Fitted new one and as if by magic, puff, all 4 levels working again...... perfect. Fitted the bottom part of the dash to cover everything, tried it again before locking up.......but all gone, back to original problem (only 4 is working). Could have been me but thought I smelt a faint odour of fish??) , couldn't see anything wrong so at a complete loss. Rechecked fuse, all OK. Removed the actual fan and that was clean and spun freely. 
So kinda leads me to a couple of thoughts....... burned out new resistor? (If so, what's causing that) or does it have a large square relay that could have blown? If so, would u have to renew that and renew my recently purchased resistor??

Happy new Yr to you all and as always, thank u for ur advice


----------



## Penquin (Oct 15, 2007)

Do you have a multimeter to check whether resistor actually HAS blown ?

The process of refitting seems to have triggered it, are there any screws or similar that might have shorted something out ?

The odour MIGHT indicate that something has built a nest or laid eggs somewhere inside it, or that a mouse had tried to gain access via that touted and met a timely end there, might be worth checking. Wasps do form nests in very small places and other insects lay eggs in similar, so that MIGHT be worth checking.

The multimeter on an isolated resistor should be able to show whether current can pass through and you could compare the values on the old and the new ones.

Just a few random thoughts, you have probably had these before but....

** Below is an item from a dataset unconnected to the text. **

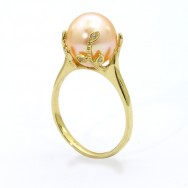 טבעת פנינה משולבת עלי זהב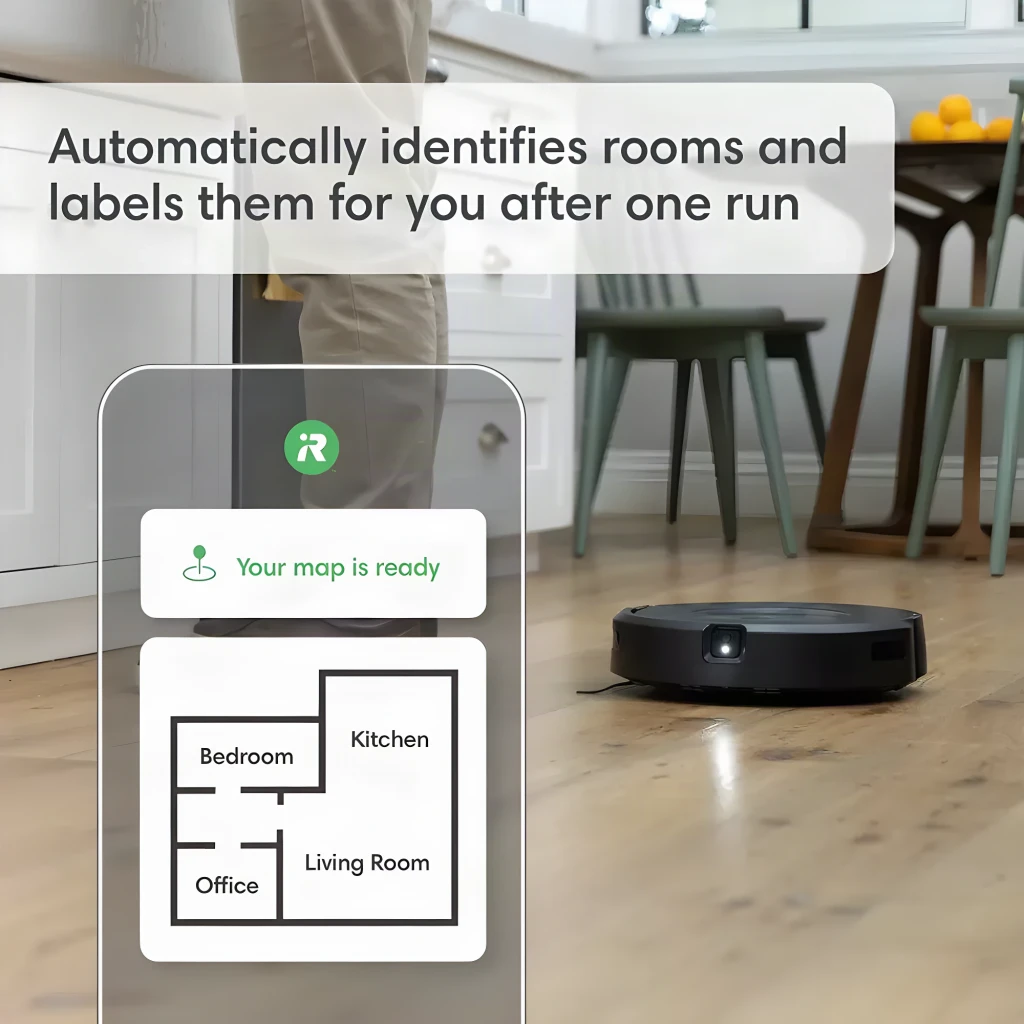 Robot aspirador iRobot Roomba Combo j5 Antracite vSLAM Esfregador Esvaziamento Automático, app: mapa de divisões gerado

Happy (isolated) New Year to you too and let's all hope it is better than 2020.


----------



## Mrfrench02 (Feb 13, 2020)

Hi penguin, 

I took the fan out to check for such animals but found it perfectly clear. 
When I removed the resistor it was only held in with one screw but I put it back with two. I'll check I haven't shorted anything out. Other than inside the fan, where else would the animals lay eggs etc??
I haven't got a multi meter so will try to source one. Thanks for your input


----------



## nickkdx (May 26, 2009)

I’ve heard of people having problems and it turns out to be the actual switch
When my fan failed that was due to the fuse melting the holder, removed wires and fitted separate fuse holder.


----------



## Mrfrench02 (Feb 13, 2020)

When u say the actual switch, do u mean the turn handle on the dash or is it something behind the dash within the wiring looms ?


----------



## nickkdx (May 26, 2009)

Mrfrench02 said:


> When u say the actual switch, do u mean the turn handle on the dash or is it something behind the dash within the wiring looms ?


Yes the actual dash switch


----------